Computing a summation of products more efficiently via factorization

46 Views Asked by At

Let $P = \{p_1, \dots, p_n\}$ (may be a multiset). I wish to compute $\sum\limits_{S \subseteq P \\ |S| = k} \prod\limits_{i \in S} i \prod\limits_{i \not\in S} (1-i)$ in an efficient manner. The naive approach takes time proportional to $\binom{n}{k},$ which makes it too slow for the case $n=200, k=100.$

The case where all elements of $P$ are equal is trivial, but even the case where $n$ elements are $p$ and $n$ elements are $q$ reduces to computing $\sum\limits_{i=0}^k \binom{n}{i}\binom{n}{k-i}p^i (1-p)^{n-i} q^{k-i} (1-q)^{n-k+i},$ for which the evaluation of the tricky summation $\sum\limits_{i=0}^k \binom{n}{i}\binom{n}{k-i} x^i$ is required.

2

There are 2 best solutions below

6
On

You can factor this one element at a time.
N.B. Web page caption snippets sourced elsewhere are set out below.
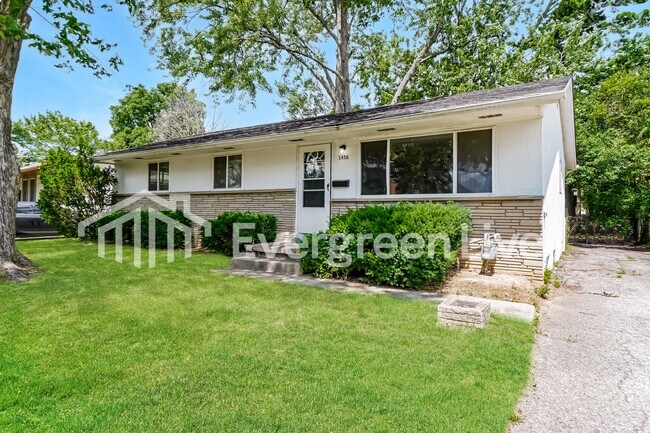 Foto del edificio - 1456 Picard Rd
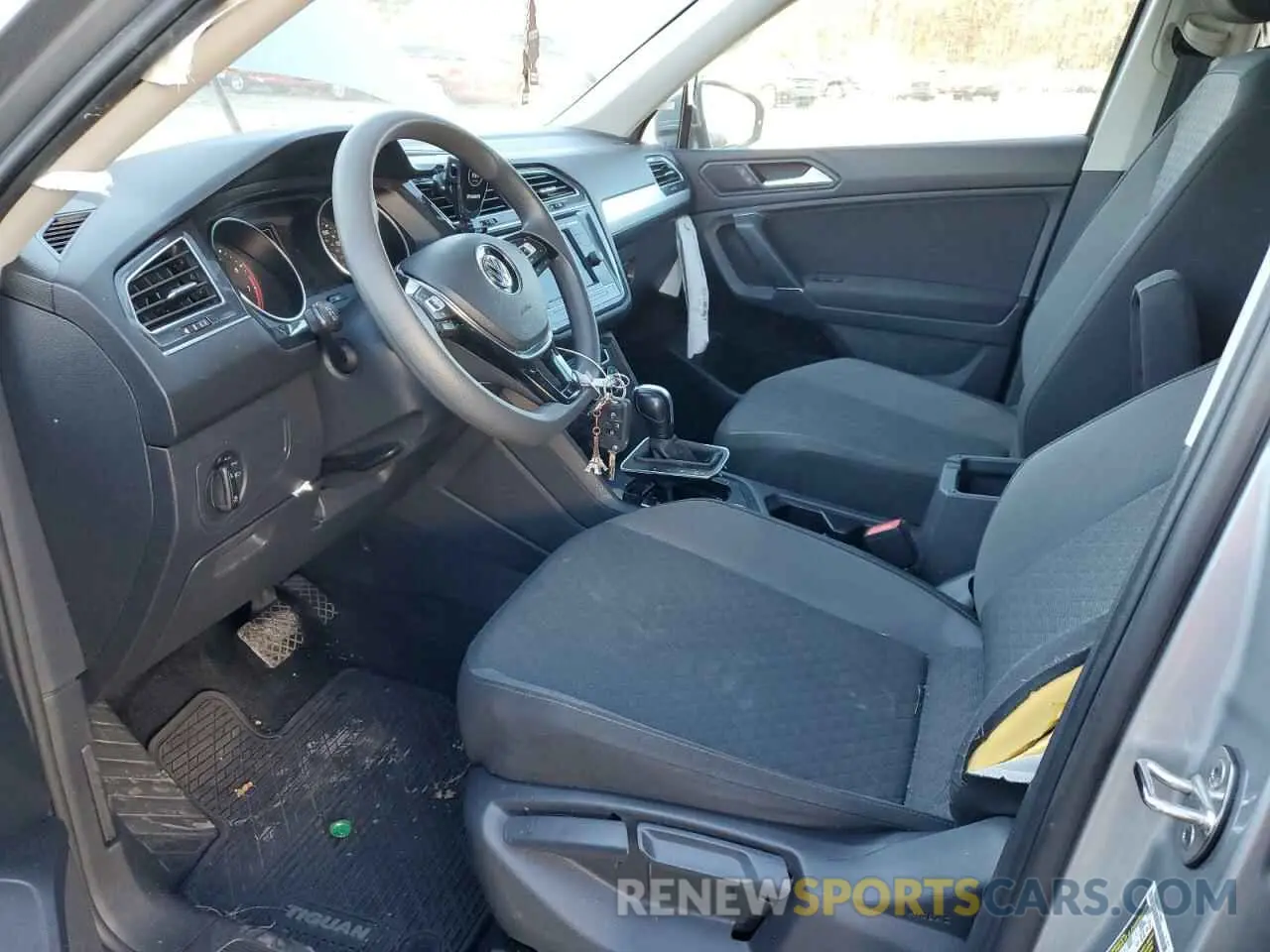 7 Photograph of a damaged car 3VV0B7AXXLM102942 VOLKSWAGEN TIGUAN 2020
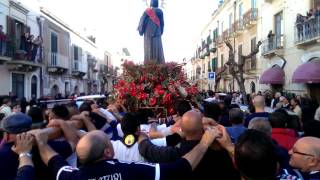 preview picture of video 'Milazzo, processione San Francesco di Paola 2014 (interviste)'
First let’s simplify the problem by dividing by $\prod_{i\in P}(1-i)$; then you just need to determine the sum

$$ a(Q,k)=\sum_{S\subseteq Q\atop|S|=k}\prod_{i\in S}i $$

for $Q=f(P)$, with $f(x)=\frac x{1-x}$. Start with the first element and write

$$ a(Q,k)=q_1a\left(Q\setminus\{q_1\},k-1\right)+a\left(Q\setminus\{q_1\},k\right)\;, $$

and continue recursively for all elements. That yields a Pascalesque triangle in which you only have to perform $O\left(n^2\right)$ operations. Instead of just adding two elements as you do for Pascal’s triangle, here you multiply the left element with a factor $q_i$ associated with the row before adding it to the right element.

Another way to think about it is in terms of generating functions: You’re looking for the coefficient of $x^k$ in

$$ \prod_{i\in Q}(1+ix)\;, $$

or, in your original formulation with $P$, the coefficient of $x^k$ in

$$ \prod_{i\in P}(1-i+ix)\;. $$

Of course you can also write the triangle approach directly in terms of $P$:

$$ a(P,k)=p_1a\left(P\setminus\{p_1\},k-1\right)+(1-p_1)a\left(P\setminus\{p_1\},k\right)\;; $$

it just seemed easier to think of it at first if we only have factors for the selected elements.

0
On

We can make use of generating functions here. Suppose we are given two lists or multisets of equal length $\, P = (p_1,\ldots,p_n)\,$ and $\, Q = (q_1,\dots,q_n).\,$ Use the useful notation $\,[n] := \{1,\ldots,n\}.\,$ Define the sum of products $$ a_k(P,Q) = a_k := \sum_{S\subseteq [n],|S|=k} \prod_{i\in S}P_i \prod_{i\notin S}Q_i. $$ Define the generating function of $\,a_k\,$ to be the polynomial $$ f(x) := \sum_{k=0}^n a_k(P,Q)x^k = \prod_{i=1}^n (x\,p_i+y_i) $$ where the equality to the product follows from the definition of $\,a_k\,$ and the distributivity of multiplication over addition. We want to calculate some of the coefficients of $\,f(x).\,$ That is, $\,a_k=[x^k]f(x).\,$ An efficient approach is to truncate $\,f(x)\,$ and keep coefficients up to order $\,x^k\,$ when evaluating the product. This is a generalization of the binomial theorem for evaluating $\,(p+q)^n\,$ using binomial coefficients and computing them by the usual Pascal triangle recursion.